Problem details → Nothing in the records may be altered, and no picture may be included. Restate them in full.

(Captioned web image data)
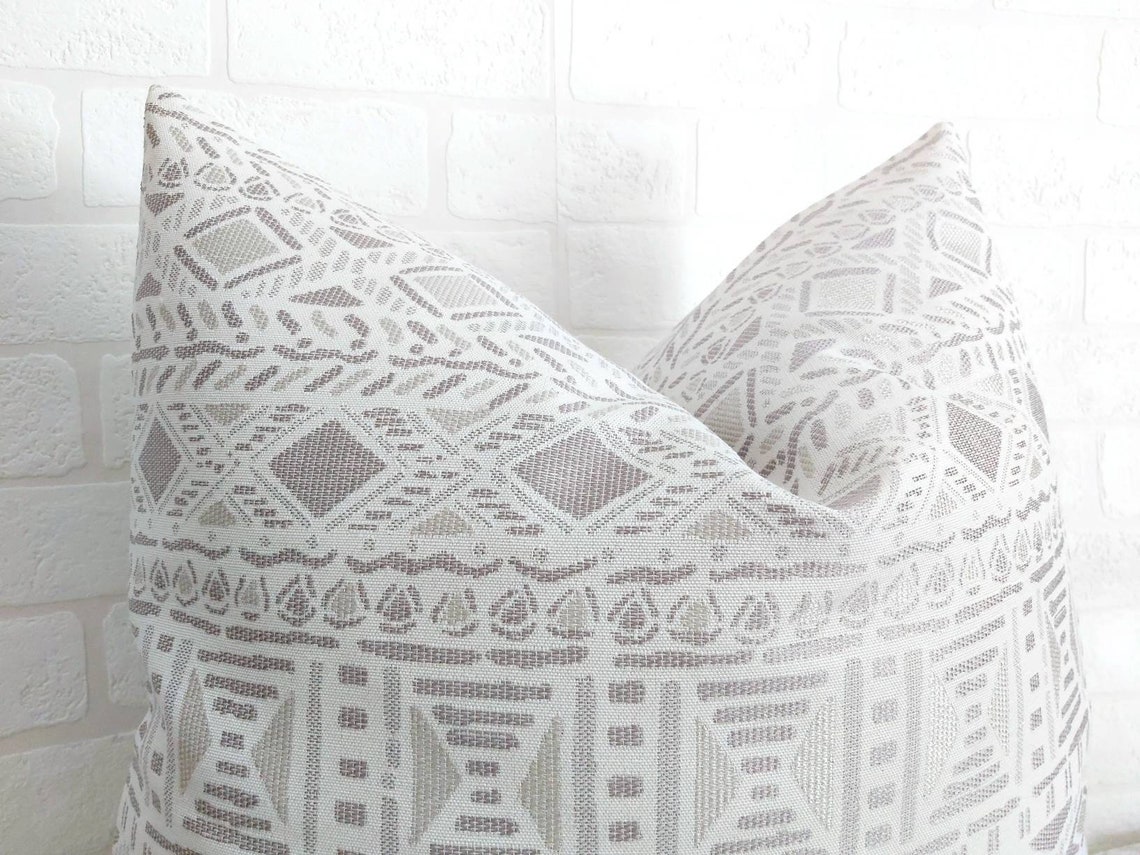 Silver Gray Boho Pillow Cover Gray White Boho Pillow Modern Etsy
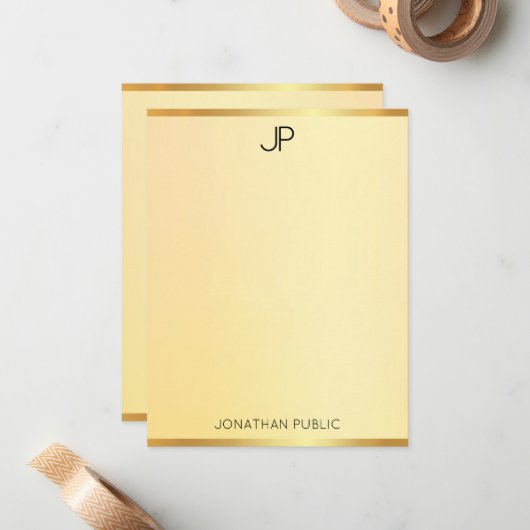 Imitate Gold Elegante Vorlage Modernes Monogramm E (Vorderseite/Rückseite Beispiel)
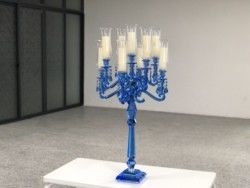 Blue Crystal Glass Candelabra Hurricane 9 Arm White Crystal Candelabra For Event Decor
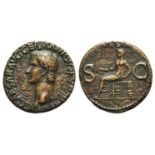 Germanicus (died AD 19). Æ As (27mm, 10.62g, 6h). Rome. Bare head l. R/ Vesta seated l., holding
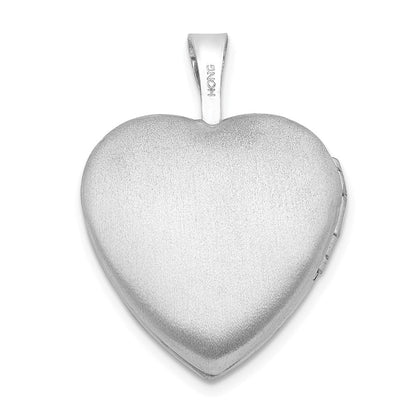 Sterlingsilber Rhodiniert Satiniert & Emailliert I Liebe You Rose Herz Medaillon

Answer section →
 Silver Gray Boho Pillow Cover Gray White Boho Pillow Modern Etsy
 Imitate Gold Elegante Vorlage Modernes Monogramm E (Vorderseite/Rückseite Beispiel)
 Blue Crystal Glass Candelabra Hurricane 9 Arm White Crystal Candelabra For Event Decor
 Germanicus (died AD 19). Æ As (27mm, 10.62g, 6h). Rome. Bare head l. R/ Vesta seated l., holding
 Sterlingsilber Rhodiniert Satiniert & Emailliert I Liebe You Rose Herz Medaillon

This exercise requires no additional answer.